由布院支えるカリスマ料理人
Japan In-depth / 2019年9月8日 18時0分
▲写真 左から江藤氏、新江氏、著者 出典:著者提供
それでは、どこから食材を調達するのか。野菜は、地元の農家だ。一括して請け負っているのが、江藤雄三が営む江藤農園である。
新江はどうしても、由布院産の野菜を使いたかった。江藤農園では、はつか大根、なす、トマト、パブリカ、クレソン、小松菜、バジルなどおよそ80種類を生産した。
収穫された野菜は、研究会のメンバーである旅館がすべて引き取る契約を結んだ。今では、およそ30の旅館が江藤から購入する。江藤には午前中の日課がある。それは、旅館に直接、野菜を届けることだ。
「旅館の料理人と会話して、『このサイズの長ナスが欲しい』『ナスの葉っぱ10枚くれ』と言われたりします。実際に、直接出向かわなければ、野菜の使われ方が分からない。例えば、水菜。サラダか、おひたしにするのか分からないと、良い野菜がつくれない。また相手の表情もじかに見たい。そして、旅館の料理人と、この時期はこの野菜、冬の鍋の時期はこの野菜といった具合に話し合うのです。料理人と一緒に、“食材”を一緒につくっていけるのです」。
江藤農園は、露地でも野菜を栽培しているが、35のビニールハウスをもつ。「ビニールハウスで栽培して、『この時期にこの野菜があれば、いいな』という料理人のニーズに応えるようにしています」。野菜だけでなく、盛り付けに使うモミジやマツなども届ける。季節感を演出するためだ。
市場に出荷するより安定的に収入を確保できる。それは江藤の人生も変えた。安定してまとまった収入を得られるようになった。

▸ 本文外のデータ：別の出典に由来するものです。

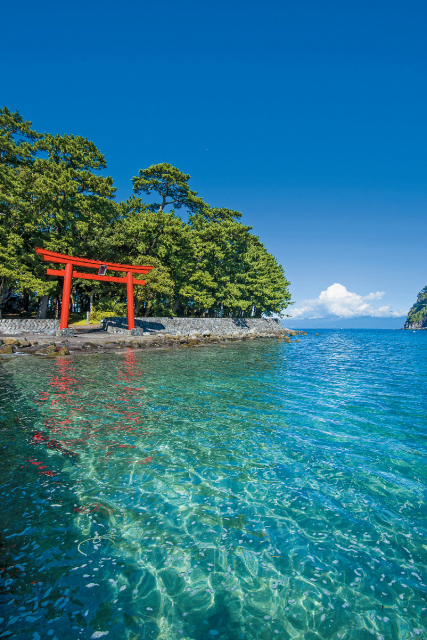【西伊豆のツーリングスポット】諸口神社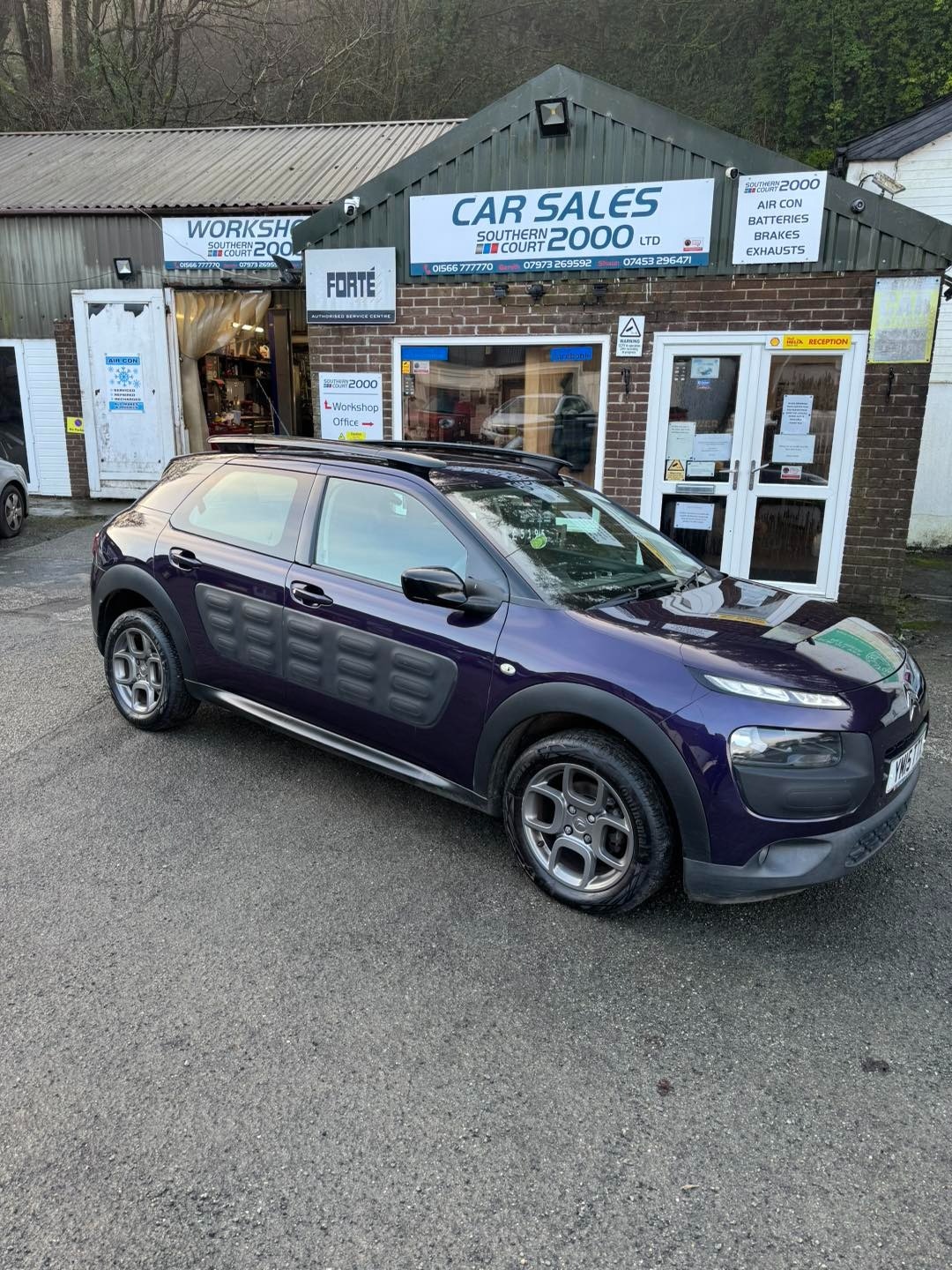 Used Citroen C4 Cactus 2015 for sale - 77247457: Photo 2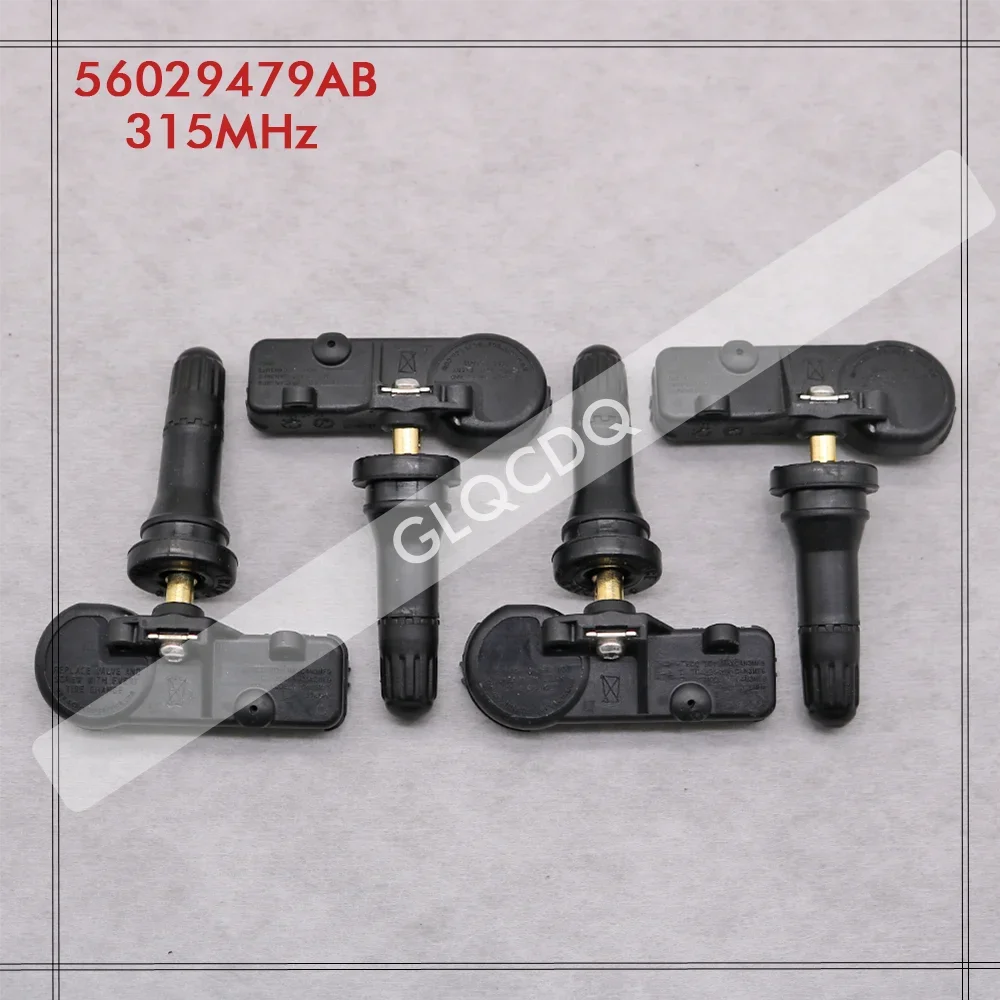 4PCS TPMS 56029479AB FOR 2011 2012 2013 DODGE DAKOTA 315MHz TIRE PRESSURE SENSOR TPMS DODGE TIRE AIR PRESSURE SENSOR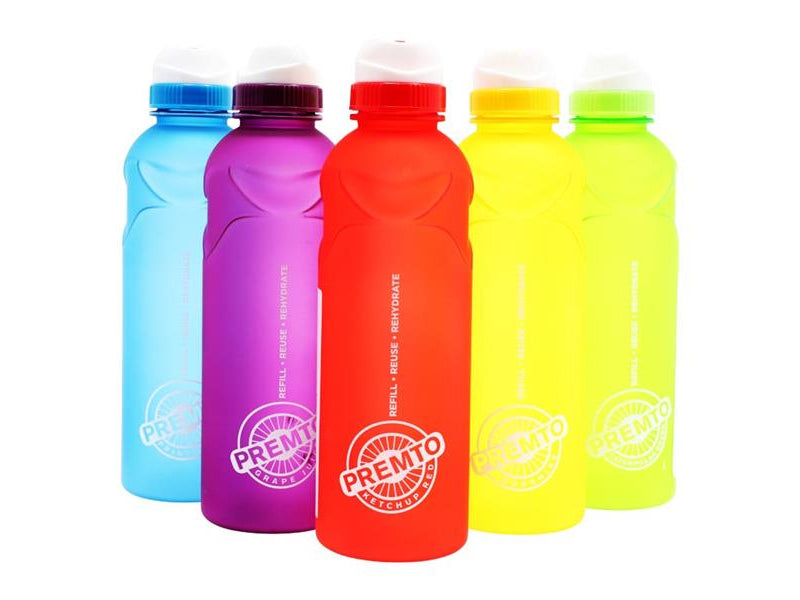Premto Multipack | 500ml Stealth Soft Touch Bottle - Pack of 5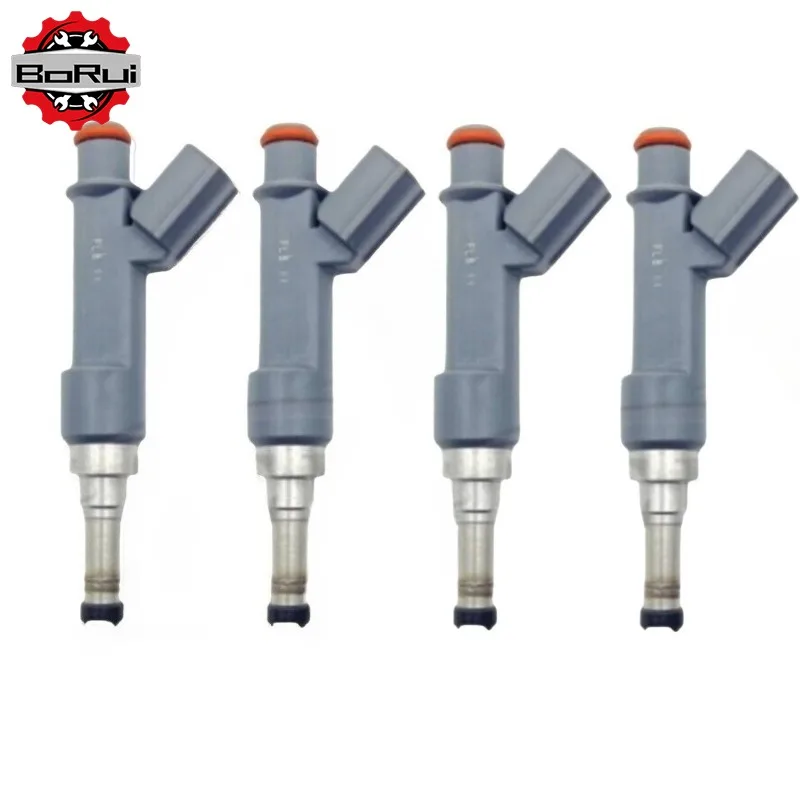 

23250-0T130 23250-37030 4 шт. топливная форсунка для Toyota Corolla Flex RAV4 8ZR 1.8L 2.0L 16v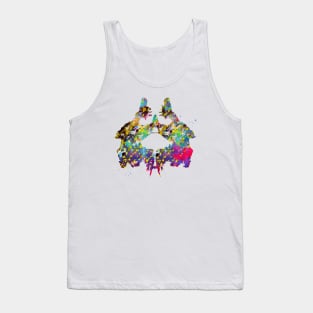 Rorschach inkblot test Tank Top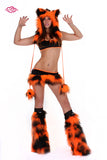 Furry Tiger Rave Outfit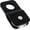 black, variant on Winch Snatch Block 8000 lbs, Heavy Duty Recovery Pulley for ATV UTV Off-Road, Fits 1/4"–5/16" Winch Cable, Load-Doubling & Direction Change (Black)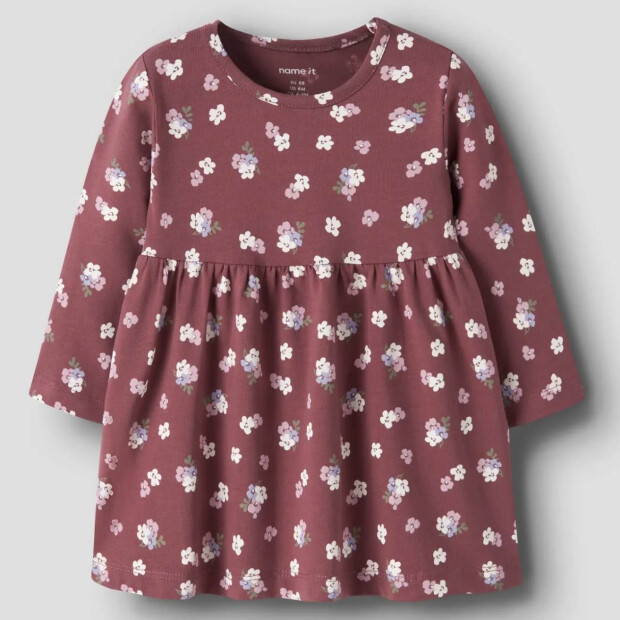 name it - Baby Kleid Wild Ginger Floral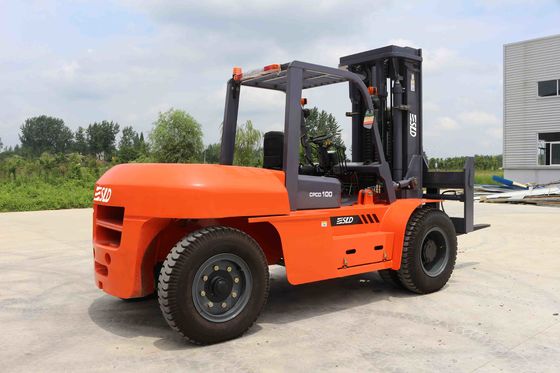 Υδραυλικό Positioner δικράνων μετάδοσης Forklift diesel φορτηγό με τη μηχανή ISUZU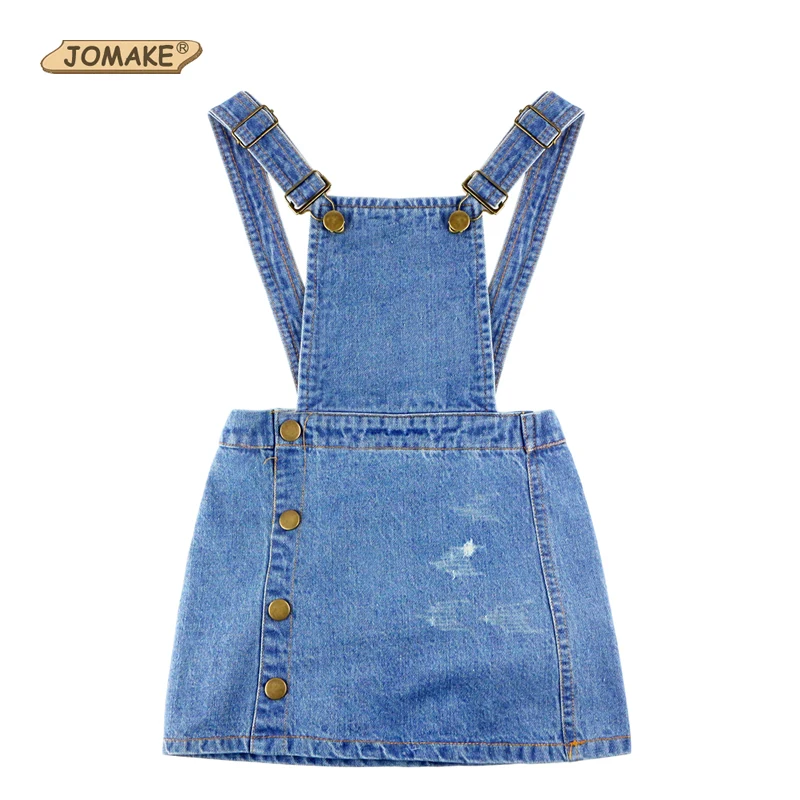 Г. Весенне-Летнее Платье джинсовое летнее платье без рукавов на бретелях для маленьких девочек, детские платья новая модная ковбойская одежда для малышей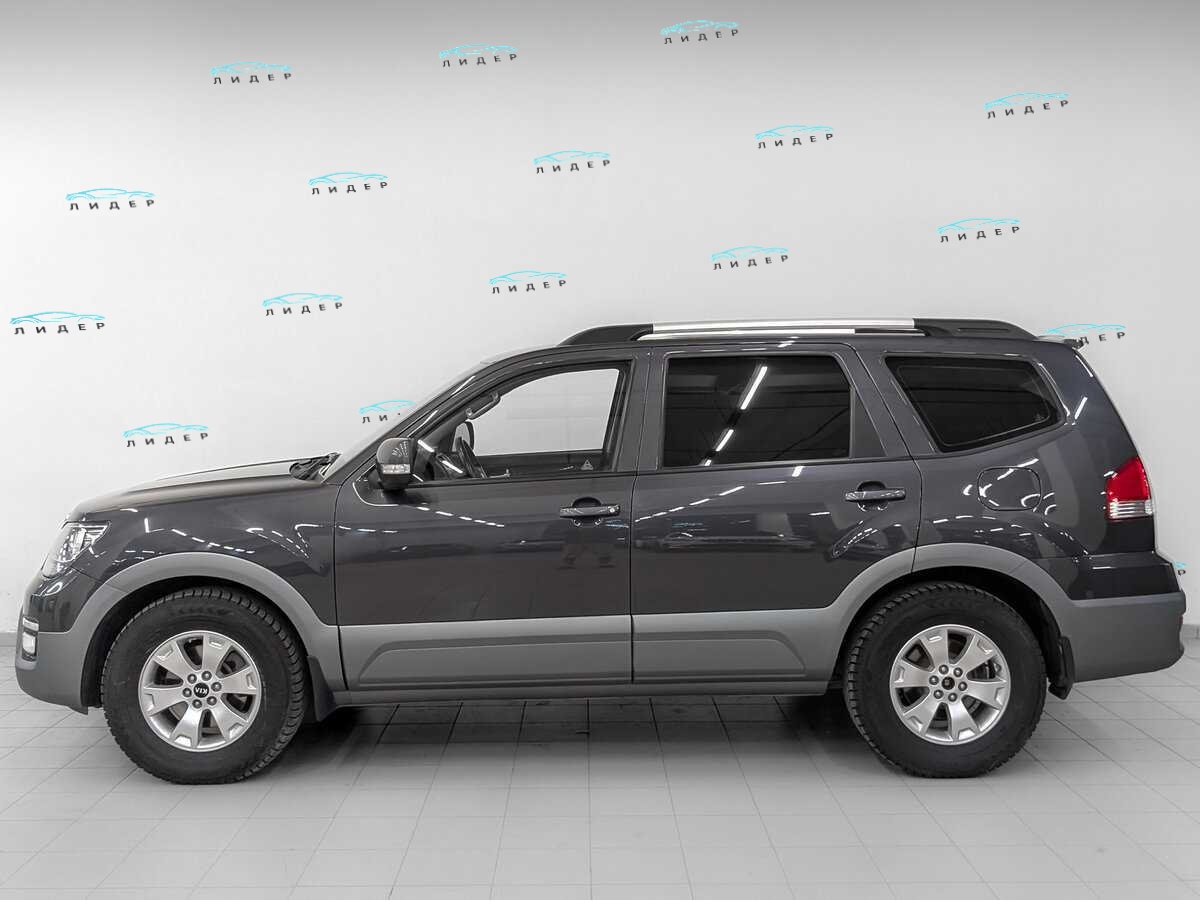 Б/У Киа Мохэв 2017 года. Фото: #7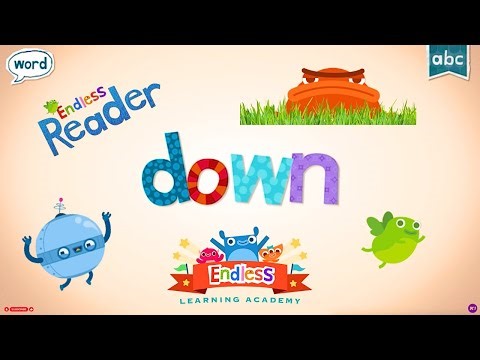Endless Reader: Discover 'DOWN' | Fun Educational Word Learning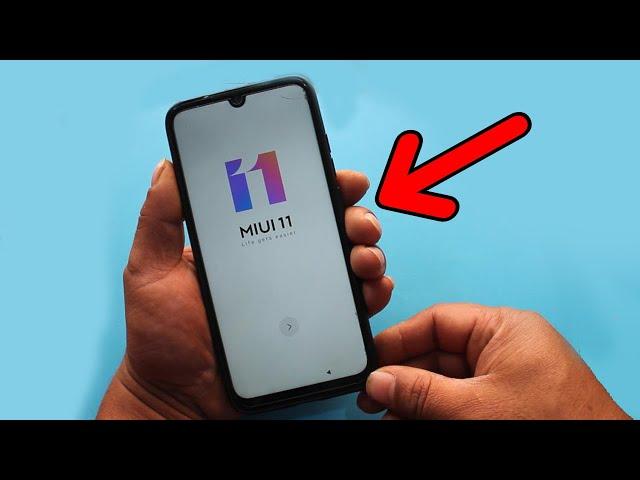 Mi Redmi 7/Redmi 7 Pro Google Account Bypass/Reset Frp Miui 10/Miui 11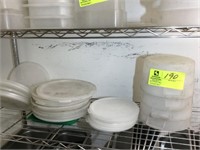 Plastic Dry Good Containers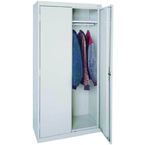 46 x 24 x 72'' (Sand, Gray, Charcoil, or Black (Please specify)) - Combo Wardrobe/Storage Cabinet - Benchmark Tooling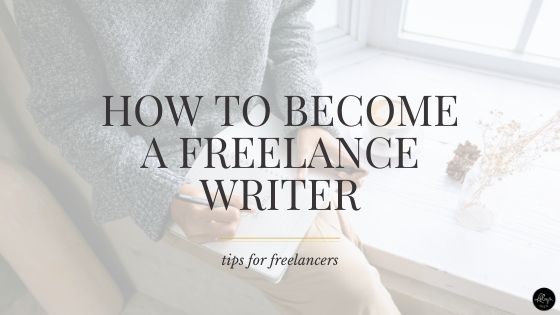 Find Great Freelance Writing Jobs Entry Level Ideas to Get Your Career Started. Subhead, how to become a freelance writer (the smart way, the way you make actual money that you can sustain).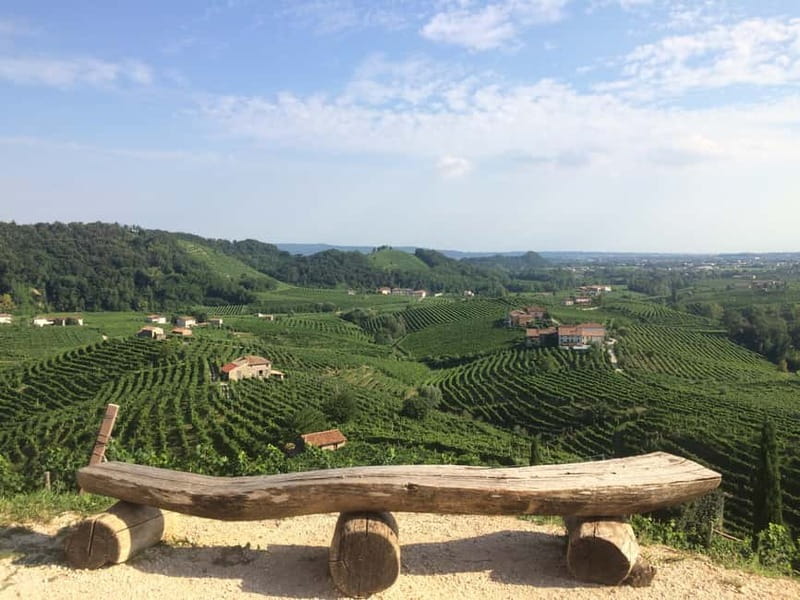 Venice: wine tour tasting along the Unesco Prosecco hills - Valdobbiadene: the first winery and the strongest tasting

私が取材中に終始、頭をよぎったのは、スペイン北部にある人口18万のサンセバスチャンである。世界中の美食家を唸らせ、観光客が殺到する。サンセバスチャンには、数多くのバル(バー)がある。その最大の特徴は、ライバルであるはずのバルが互いのレシピを教えあっていることだ。
▲写真 サンセバスチャン 出典:著者提供
狭い路地にあるバル全体のレベルアップにつながっている。観光客は食べ歩きを楽しみ、長期滞在するという。そのやり方は、料理の技術は見て盗めという徒弟制度とは、一線を画している。
サンセバスチャンは元々、海の幸や山の幸、畜産などが豊富だった。しかし、素材だけでは勝負できない。そこで若いシェフたちが1990年代後半から、地元の料理界で革命を起こした。彼らは世界を旅してきた強者だ。地元の素材を生かし、世界中の味付けを加味した。さらに、一流店には「料理研究室」がある。科学的な料理研究も行っているのだ。わずか10数年でサンセバスチャンは様変わりした。
由布院はまさに、日本版のサンセバスチャンだ。洋の東西問わず、地域の食材を生かす料理人は、世界の人々を吸引する磁力がある。